Согласно традиционному представлению, движение крестоносцев неразрывно связано с борьбой против ислама. Такое представление живо и по сей день — это было подчеркнуто Усамой бен Ладаном, который провел параллель между крестоносцами, сражающимися против ислама, и американскими действиями в Афганистане в 2001–2002 годах. Он заявил, что «эта война похожа на предшествующие крестовые походы, возглавляемые Ричардом Львиное Сердце, [Фридрихом] Барбароссой [Германским] и [королем] Людовиком [IX] Французским. В нынешнем веке они остались далеко позади [Джорджа] Буша». Более того, пропаганда Аль-Каиды называет Израиль наследием государства крестоносцев XII и XIII веков.[9]
На Западе некоторые тоже оглядываются на средневековье.
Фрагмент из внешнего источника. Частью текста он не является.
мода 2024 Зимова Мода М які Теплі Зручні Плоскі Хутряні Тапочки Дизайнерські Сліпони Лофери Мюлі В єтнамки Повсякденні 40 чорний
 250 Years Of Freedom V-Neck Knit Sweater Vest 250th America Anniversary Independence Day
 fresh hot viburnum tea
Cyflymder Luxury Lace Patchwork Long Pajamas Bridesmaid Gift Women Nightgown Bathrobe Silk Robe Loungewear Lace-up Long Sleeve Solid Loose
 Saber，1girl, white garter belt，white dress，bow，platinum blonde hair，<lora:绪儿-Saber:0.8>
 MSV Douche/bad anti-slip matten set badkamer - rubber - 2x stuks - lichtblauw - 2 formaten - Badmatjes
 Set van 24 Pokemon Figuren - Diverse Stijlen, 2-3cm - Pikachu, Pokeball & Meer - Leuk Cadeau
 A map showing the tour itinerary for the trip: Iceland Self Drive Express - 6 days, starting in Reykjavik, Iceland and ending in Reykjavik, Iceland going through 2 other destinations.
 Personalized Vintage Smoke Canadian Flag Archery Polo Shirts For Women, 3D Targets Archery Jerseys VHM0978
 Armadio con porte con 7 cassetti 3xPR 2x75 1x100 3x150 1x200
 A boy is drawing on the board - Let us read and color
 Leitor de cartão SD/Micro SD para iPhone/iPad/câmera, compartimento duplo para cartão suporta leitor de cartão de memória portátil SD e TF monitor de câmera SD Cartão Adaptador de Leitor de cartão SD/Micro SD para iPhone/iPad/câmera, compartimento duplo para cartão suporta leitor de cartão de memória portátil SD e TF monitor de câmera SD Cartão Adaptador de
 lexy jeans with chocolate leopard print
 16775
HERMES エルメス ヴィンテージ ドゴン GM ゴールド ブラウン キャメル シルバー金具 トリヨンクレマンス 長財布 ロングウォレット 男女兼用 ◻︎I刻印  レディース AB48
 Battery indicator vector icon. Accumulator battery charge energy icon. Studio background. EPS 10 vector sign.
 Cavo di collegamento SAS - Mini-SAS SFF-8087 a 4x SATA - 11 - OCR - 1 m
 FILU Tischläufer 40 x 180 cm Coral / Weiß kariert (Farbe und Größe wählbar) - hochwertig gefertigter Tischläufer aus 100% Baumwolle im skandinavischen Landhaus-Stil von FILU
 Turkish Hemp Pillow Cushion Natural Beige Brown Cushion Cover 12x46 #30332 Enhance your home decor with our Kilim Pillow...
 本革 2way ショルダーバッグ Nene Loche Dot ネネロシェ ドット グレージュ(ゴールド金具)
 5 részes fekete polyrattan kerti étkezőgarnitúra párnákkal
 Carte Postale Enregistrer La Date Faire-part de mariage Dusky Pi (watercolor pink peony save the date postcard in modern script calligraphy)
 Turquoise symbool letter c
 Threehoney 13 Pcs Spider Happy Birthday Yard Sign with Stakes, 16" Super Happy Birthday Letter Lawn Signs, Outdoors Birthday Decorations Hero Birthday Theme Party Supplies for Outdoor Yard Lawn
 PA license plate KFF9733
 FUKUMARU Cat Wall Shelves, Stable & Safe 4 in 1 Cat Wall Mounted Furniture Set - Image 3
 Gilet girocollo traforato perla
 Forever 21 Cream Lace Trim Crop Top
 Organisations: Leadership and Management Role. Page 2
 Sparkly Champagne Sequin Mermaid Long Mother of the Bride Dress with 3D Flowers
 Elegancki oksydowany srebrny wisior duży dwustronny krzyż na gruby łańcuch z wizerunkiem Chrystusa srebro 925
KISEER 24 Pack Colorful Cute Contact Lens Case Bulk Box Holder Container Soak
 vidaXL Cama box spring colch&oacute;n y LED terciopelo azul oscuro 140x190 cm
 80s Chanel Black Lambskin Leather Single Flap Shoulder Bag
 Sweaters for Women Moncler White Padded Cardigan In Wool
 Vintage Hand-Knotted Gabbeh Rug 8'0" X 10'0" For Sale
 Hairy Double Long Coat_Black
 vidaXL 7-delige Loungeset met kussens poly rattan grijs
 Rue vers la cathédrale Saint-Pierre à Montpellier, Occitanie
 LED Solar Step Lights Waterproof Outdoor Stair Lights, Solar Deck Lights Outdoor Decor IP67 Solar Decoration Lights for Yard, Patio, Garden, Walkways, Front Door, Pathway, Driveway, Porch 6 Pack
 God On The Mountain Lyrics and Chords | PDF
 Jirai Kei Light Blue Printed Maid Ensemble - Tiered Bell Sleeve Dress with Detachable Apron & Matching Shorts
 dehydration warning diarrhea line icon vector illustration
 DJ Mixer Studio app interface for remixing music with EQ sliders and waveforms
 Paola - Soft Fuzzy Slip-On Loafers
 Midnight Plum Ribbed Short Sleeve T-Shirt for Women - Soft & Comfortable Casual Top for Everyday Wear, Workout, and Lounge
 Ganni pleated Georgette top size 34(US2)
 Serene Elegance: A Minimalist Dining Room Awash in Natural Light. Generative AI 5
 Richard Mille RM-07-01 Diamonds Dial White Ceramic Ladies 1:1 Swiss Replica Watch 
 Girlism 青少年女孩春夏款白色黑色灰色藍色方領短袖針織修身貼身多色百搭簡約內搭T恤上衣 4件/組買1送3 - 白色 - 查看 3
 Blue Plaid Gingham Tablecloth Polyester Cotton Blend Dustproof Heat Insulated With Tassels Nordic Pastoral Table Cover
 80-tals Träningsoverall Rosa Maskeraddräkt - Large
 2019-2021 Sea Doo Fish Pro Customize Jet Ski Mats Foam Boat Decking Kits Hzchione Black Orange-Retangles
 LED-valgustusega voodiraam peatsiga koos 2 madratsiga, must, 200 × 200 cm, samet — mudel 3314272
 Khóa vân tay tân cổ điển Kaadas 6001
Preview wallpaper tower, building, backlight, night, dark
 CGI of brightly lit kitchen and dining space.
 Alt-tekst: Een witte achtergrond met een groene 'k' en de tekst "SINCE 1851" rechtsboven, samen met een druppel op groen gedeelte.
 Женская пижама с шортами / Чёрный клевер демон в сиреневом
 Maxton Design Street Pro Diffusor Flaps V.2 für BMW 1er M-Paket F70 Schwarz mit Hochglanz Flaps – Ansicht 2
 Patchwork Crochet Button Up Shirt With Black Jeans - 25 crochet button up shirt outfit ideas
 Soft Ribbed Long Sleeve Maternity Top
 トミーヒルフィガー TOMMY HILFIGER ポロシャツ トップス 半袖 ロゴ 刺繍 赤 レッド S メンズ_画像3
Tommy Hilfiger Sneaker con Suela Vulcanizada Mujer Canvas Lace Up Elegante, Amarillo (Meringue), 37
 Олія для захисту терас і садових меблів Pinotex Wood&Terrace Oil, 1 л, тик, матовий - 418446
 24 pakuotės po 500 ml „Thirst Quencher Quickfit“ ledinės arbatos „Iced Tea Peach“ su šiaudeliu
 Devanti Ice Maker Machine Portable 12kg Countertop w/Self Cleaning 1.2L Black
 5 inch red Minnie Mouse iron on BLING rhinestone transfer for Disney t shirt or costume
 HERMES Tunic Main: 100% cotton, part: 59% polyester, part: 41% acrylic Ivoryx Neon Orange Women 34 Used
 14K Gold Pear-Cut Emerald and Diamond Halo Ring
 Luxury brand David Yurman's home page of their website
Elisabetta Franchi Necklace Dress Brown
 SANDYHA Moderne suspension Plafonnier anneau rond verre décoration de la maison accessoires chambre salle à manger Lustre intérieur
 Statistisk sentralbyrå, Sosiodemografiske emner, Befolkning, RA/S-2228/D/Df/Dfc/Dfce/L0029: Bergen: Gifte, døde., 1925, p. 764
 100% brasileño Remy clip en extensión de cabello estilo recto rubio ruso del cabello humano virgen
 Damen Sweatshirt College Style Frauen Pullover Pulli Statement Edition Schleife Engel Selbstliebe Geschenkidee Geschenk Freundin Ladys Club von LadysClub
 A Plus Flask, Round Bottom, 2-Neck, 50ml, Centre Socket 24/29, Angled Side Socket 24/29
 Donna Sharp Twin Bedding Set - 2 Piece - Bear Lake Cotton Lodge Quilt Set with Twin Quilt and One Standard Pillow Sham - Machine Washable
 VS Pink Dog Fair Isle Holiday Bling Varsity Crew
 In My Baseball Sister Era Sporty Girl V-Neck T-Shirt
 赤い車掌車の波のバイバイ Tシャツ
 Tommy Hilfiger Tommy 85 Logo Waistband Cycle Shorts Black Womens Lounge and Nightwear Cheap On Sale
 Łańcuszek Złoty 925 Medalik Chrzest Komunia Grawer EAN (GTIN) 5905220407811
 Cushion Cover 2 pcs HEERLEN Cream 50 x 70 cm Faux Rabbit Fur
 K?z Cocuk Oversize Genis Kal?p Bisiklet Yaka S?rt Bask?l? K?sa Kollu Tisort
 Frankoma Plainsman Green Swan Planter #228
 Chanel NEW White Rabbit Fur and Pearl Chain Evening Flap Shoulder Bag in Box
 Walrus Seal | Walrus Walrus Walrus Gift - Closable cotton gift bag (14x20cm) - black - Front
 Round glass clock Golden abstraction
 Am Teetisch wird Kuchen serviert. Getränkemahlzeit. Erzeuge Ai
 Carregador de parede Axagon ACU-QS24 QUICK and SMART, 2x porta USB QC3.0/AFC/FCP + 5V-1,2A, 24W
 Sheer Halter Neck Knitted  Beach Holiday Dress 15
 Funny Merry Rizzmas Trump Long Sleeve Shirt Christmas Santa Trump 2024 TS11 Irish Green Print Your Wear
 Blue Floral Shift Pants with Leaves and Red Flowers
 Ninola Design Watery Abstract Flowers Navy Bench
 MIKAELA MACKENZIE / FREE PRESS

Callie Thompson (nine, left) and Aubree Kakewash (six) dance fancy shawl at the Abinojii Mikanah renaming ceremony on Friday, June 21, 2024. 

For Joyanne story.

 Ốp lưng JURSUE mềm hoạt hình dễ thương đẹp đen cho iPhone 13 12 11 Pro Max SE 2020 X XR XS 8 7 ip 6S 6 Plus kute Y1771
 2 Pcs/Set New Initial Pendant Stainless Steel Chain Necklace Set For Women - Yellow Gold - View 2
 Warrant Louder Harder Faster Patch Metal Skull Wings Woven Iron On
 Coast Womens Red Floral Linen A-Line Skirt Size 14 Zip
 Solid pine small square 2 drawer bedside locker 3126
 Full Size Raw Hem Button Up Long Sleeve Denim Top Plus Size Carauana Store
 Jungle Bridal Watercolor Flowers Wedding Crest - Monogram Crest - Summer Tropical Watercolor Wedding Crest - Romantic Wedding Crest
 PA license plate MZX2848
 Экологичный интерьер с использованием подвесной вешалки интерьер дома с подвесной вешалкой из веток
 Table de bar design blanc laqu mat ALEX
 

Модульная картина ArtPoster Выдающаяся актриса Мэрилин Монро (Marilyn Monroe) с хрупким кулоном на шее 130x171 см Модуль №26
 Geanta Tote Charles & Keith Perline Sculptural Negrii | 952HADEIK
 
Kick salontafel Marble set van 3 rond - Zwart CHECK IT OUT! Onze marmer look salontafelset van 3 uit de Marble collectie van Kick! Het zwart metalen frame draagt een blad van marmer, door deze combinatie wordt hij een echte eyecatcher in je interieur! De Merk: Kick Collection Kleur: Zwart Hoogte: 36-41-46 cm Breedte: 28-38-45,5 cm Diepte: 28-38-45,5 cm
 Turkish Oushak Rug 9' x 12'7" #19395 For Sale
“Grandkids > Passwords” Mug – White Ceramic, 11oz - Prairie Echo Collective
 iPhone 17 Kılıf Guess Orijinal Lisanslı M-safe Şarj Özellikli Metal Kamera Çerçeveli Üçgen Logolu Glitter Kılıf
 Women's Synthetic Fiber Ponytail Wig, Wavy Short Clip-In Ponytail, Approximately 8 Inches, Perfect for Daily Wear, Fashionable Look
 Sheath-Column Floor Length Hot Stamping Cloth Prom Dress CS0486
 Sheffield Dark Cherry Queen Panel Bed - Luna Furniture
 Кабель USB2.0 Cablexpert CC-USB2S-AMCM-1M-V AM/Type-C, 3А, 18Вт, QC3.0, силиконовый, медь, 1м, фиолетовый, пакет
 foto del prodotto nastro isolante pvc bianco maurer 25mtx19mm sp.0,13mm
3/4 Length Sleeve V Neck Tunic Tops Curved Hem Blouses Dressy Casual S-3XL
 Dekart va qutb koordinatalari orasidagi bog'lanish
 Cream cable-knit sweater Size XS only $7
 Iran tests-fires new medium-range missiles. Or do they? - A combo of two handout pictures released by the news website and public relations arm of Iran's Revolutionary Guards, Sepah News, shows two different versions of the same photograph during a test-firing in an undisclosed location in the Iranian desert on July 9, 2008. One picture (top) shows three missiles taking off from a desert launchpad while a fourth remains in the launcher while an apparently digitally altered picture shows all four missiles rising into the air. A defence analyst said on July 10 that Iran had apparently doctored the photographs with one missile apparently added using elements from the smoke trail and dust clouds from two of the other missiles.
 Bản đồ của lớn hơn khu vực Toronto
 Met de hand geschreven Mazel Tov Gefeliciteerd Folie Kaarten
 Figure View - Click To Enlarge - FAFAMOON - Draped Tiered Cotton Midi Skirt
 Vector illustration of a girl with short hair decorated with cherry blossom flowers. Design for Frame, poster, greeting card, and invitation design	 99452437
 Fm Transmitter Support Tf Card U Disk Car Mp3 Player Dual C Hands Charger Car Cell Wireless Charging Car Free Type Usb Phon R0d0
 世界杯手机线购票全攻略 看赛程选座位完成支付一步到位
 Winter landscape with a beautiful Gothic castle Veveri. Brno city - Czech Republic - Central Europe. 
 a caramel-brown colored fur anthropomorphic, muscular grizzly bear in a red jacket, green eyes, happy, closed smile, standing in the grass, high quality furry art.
Сразу после нападения террористов в сентябре 2001 года президент Джордж Буш спонтанно вспомнил о Священной войне, призвав к крестовому походу против Аль-Каиды. Пытаясь обеспечить поддержку со стороны Египта и Сирии, двух стран, на которые оказали непосредственное воздействие средневековые крестовые походы, он одновременно апеллировал к воззрениям, которые рассматриваются на Ближнем Востоке как символ западного империализма.[10]
Исход Четвертого крестового похода представляет драматическое искажение одной из основополагающих идей католицизма относительно борьбы с язычниками. И современники событий, и нынешние историки одинаково загипнотизированы произошедшим менее чем за век превращением движения, начавшегося с декларации о возвращении христианам Святой Земли, в орудие разрушения самого прекрасного города христианского мира.
Сами крестоносцы выражали удовлетворение собственными достижениями. Граф Балдуин Фландрский, один из руководителей кампании, писал: «Мы можем суверенностью сказать, что в истории никто не мог даже поведать о чудесах больших, чем те, что уже получены в этой войне». Он видел божественное одобрение действий крестоносцев: «Это содеяно Господом, и в наших глазах является чудом из чудес».[11] Но когда известия о жестокости крестоносцев стали распространяться, даже на Западе отношение стало куда менее торжественным. Папа римский Иннокентий III (1198–1216), санкционировавший начало экспедиции, так изливал на крестоносцев свой гнев:
«Вы принесли обет освободить Святую Землю… [но] отринули чистоту своих обетов, направив оружие не против сарацин, а против христиан… Греческая церковь, видевшая в католиках лишь образец искажения веры и бесовского действа, теперь по праву питает к ним отвращение большее, нежели к псам».[12]
Самый яркий способ исследовать события крестового похода основан на многочисленных свидетельствах современников. Этот материал передает удивительно широкий спектр эмоций: страх, гордость, самооправдание. Временами возникает завораживающее чувство благоговения перед целями экспедиции и удивления при виде новых народов и местностей, которые встречались участникам похода.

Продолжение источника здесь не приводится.